Sunday, March 3, 2013

A Very Good Start at Putting Gun Grabbers on their Heels

Selwyn Duke has been carrying on a debate with gun grabber Brett Joshpe at the American Thinker.  Duke's latest can be found at The Great Gun Debate: New Laws? The opening salvo can be found at Sensible Arms Policy by Brett Joshpe, followed up by The Great Gun Debate: Selwyn Duke vs. Brett Joshpe .  Joshpe's first piece essentially asserted, without much proof, that the arguments of gun rights advocates are either dismissed or somehow were less persuasive than the arguments of gun grabbers. Selwyn Duke takes these on in his rebuttal, calling the 22,000 gun laws currently on the books, all of which were supposed to stop criminals from committing crimes "insane."  Joshpe then came back with The Great Gun Debate. Mr. Joshpe:
I have heard on many occasions the argument that "when every second counts, the police are just minutes away." I find the idea that every second counts persuasive. We are reminded that an AR-15 can shoot up to 60 rounds per minute (or one per second). That means six to eight seconds can mean six to eight shots, which can mean six to eight lives. That can make a real difference, especially if your kid is hit by the last bullet fired.
The argument that Joshpe is making is, in essence, the emotional "but if it saves just one life, it is worth it" argument. Joshpe concedes that Duke's response to his original article is basically correct, but Mr. Joshpe still feels as if SOMETHING, anything, must be done. Even if what is done is ineffective, as Duke showed, even if the slippery slope argument in this case has merit, we simply can't let this opportunity to pass without making yet more laws, because...because?   Because people who feel their emotions more than they think with their heads are running in circles screaming and shouting that something must be done.

Interestingly, putting teachers who have concealed carry licenses already, and who volunteer to undergo special training and carry their weapons while at school would do much to protect our children.  If schools were no longer "gun free" and the shooters who commit these crimes knew it, it would stop at least some of them.  If a shooter doesn't know who might be carrying, of where he or she is, that adds an extra problem to overcome.  For, while people who commit school shootings are not thinking properly, the knowledge that nobody at the schools is armed to stop them, by government decree, empowers them to choose schools as opposed to...say...a gun store, as a site to commit their crimes.  Indeed, John Lott has noted that all mass shootings in modern times, except for Gabby Giffords, have occurred in "gun free zones."  Maybe it's time we tried something different, rather than doing the same old thing and expecting different results.

Now, Duke goes even further in demolishing Joshpe's arguments" (emphasis mine):
In other words, guns aren't a panacea - they couldn't be since the problem is people - but they can be a mitigating factor.
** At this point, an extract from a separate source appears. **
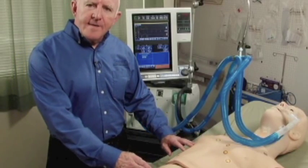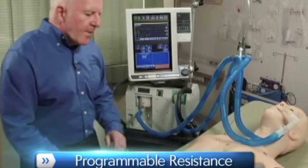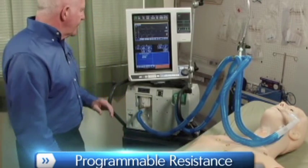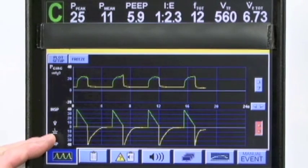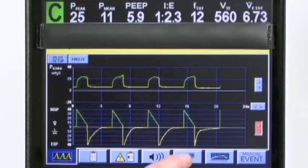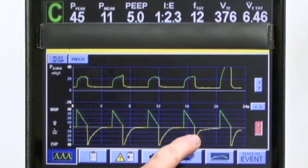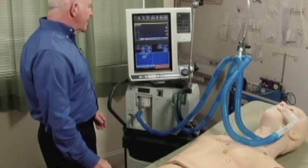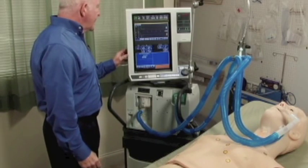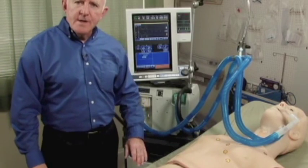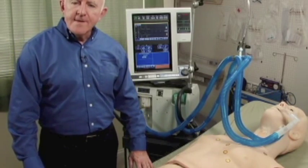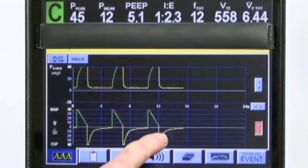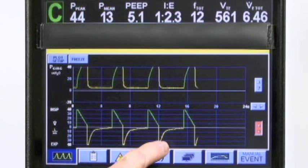HAL has 10 variable resistance settings. Right now we have HAL in a unilateral resistance, and you can notice on the graphics that we have some very mild delay in expiratory flow — exactly what you would expect with that level. Now, if we go to a more extreme situation with moderate resistance on both sides, we'll notice a very realistic delay in expiratory flow rates.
And they are - every single day. In fact, Florida State University criminologist Dr. Gary Kleck found that guns are used by Americans to ward off criminals 2.2 to 2.5 million times per year. Of course, these defensive uses of firearms wouldn't be necessary if there weren't so much criminality in the first place. And this brings us to the most important point: when criminality increases to fearsome levels is when good people need guns most.

Yet this is precisely when the fear-governed gun grabbers want to take them away.
 

Does this make sense? You might as well say that the United States should have responded to Pearl Harbor by unilaterally disarming.
As for the argument that Joshpe doesn't know if the magazine capacity should be limited to 10, or15 rounds, but it shouldn't be 30, William A. Levinson has argued that:
When it comes to rifles, police departments believe the answer to be no less than 30 rounds of .223, as shown by their deployment of AR-15s. The only difference between a police officer and a private citizen is that the former has the authority and duty to intervene in situations that the ordinary citizen should, or even must, avoid. If either needs a firearm for any non-sporting purpose, though, he...needs it for exactly the same reason. The definition of a weapon that is "reasonable" for legitimate self-defense is therefore, "Any weapon that is routinely available to law enforcement agencies."
While this assertion will no doubt offend many who have come to look upon the police as soldiers fighting a never ending battle against heavily armed criminals, the truth is much more prosaic. The police are merely civilians who have been given some special training in police procedures, the laws, collecting evidence and a little training in the use of their sidearm and patrol rifle. They have been given special authority because of the job, but beyond that, they have no special moral authority to either command our respect or demand our unquestioned compliance. Rather, every officer commands our respect and compliance by how they act in any given situation, just as any other citizen.

The final point that Duke makes is that we in the gun rights movement have been "compromising" since at least 1934, painting ourselves into an ever smaller and smaller corner.  But as Duke points out, what has been happening is not compromise, because the other side never seems to give something up, and except for the 1994 AWB, nothing has ever been repealed, only added to:

It's like this: imagine some barbarians breach your borders and demand territory in Traditionland. You don't like this, but to avoid conflict give them a quarter of the land they want. But then they return a year later making the same demands - and again you cede a percentage of what's asked. Now, how long before this process ensures you have no homeland left?

snip...

I have just explained why conservatives have long been losing the cultural and political war. The liberals will never be satisfied because, being relativists, they have no definite vision of what they want civilization to be. All they can do is oppose what is. And what always is, is the status quo, which conservatives always defend - and always quite poorly. So unless we can stop being conservative and start being bold, and yell "Stop!" and mean it, the only thing in question about our complete and abject defeat will be the rate.
We need to begin formulating ways to push back the existing gun laws on the books at both the State and Federal level. Clearly, we will probably have more success at first on the State level. But there are things in the 68 GCA that can be attacked. Hitting hard on the fact that much so called gun control is racist in origin, and often acts to keep poor people from having the means to defend themselves, we can attack certain provisions of the act. The point is that we need to be on the offence all the time, proposing things that remove restrictions on gun ownership, and getting us back to the Constitution. It would be nice if the NRA led this effort, rather than looking to simply defend the status quo.   Just as the Left has been slowly moving the goal posts for 80 years, we need to start moving them back, with every victory for our side being just a good start.